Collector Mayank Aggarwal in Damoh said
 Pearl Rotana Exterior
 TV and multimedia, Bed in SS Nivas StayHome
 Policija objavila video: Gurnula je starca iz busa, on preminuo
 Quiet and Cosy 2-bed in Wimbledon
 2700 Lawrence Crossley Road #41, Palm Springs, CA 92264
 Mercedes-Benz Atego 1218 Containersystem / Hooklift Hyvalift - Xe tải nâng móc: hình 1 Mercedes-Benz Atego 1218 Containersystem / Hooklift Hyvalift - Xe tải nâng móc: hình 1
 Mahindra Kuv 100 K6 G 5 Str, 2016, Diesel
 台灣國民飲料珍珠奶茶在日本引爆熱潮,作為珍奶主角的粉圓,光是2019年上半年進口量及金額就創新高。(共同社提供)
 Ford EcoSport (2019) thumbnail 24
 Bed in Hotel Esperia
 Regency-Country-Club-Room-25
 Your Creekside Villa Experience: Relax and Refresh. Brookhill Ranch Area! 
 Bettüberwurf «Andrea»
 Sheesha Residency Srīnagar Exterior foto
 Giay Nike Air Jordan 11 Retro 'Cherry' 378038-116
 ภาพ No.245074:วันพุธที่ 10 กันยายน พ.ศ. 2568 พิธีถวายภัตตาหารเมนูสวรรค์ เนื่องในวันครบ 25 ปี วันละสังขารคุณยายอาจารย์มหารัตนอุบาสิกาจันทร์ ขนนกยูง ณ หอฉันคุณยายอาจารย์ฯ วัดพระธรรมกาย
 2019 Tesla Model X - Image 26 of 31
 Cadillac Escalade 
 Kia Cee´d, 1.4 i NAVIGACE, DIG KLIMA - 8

WHAT YOU NEED TO DO - Set down exactly, and only, the lines of the data above from the line containing "Policija objavila video: Gurnula" through the last one.

TASK RESULT -
 Policija objavila video: Gurnula je starca iz busa, on preminuo
 Quiet and Cosy 2-bed in Wimbledon
 2700 Lawrence Crossley Road #41, Palm Springs, CA 92264
 Mercedes-Benz Atego 1218 Containersystem / Hooklift Hyvalift - Xe tải nâng móc: hình 1 Mercedes-Benz Atego 1218 Containersystem / Hooklift Hyvalift - Xe tải nâng móc: hình 1
 Mahindra Kuv 100 K6 G 5 Str, 2016, Diesel
 台灣國民飲料珍珠奶茶在日本引爆熱潮,作為珍奶主角的粉圓,光是2019年上半年進口量及金額就創新高。(共同社提供)
 Ford EcoSport (2019) thumbnail 24
 Bed in Hotel Esperia
 Regency-Country-Club-Room-25
 Your Creekside Villa Experience: Relax and Refresh. Brookhill Ranch Area! 
 Bettüberwurf «Andrea»
 Sheesha Residency Srīnagar Exterior foto
 Giay Nike Air Jordan 11 Retro 'Cherry' 378038-116
 ภาพ No.245074:วันพุธที่ 10 กันยายน พ.ศ. 2568 พิธีถวายภัตตาหารเมนูสวรรค์ เนื่องในวันครบ 25 ปี วันละสังขารคุณยายอาจารย์มหารัตนอุบาสิกาจันทร์ ขนนกยูง ณ หอฉันคุณยายอาจารย์ฯ วัดพระธรรมกาย
 2019 Tesla Model X - Image 26 of 31
 Cadillac Escalade 
 Kia Cee´d, 1.4 i NAVIGACE, DIG KLIMA - 8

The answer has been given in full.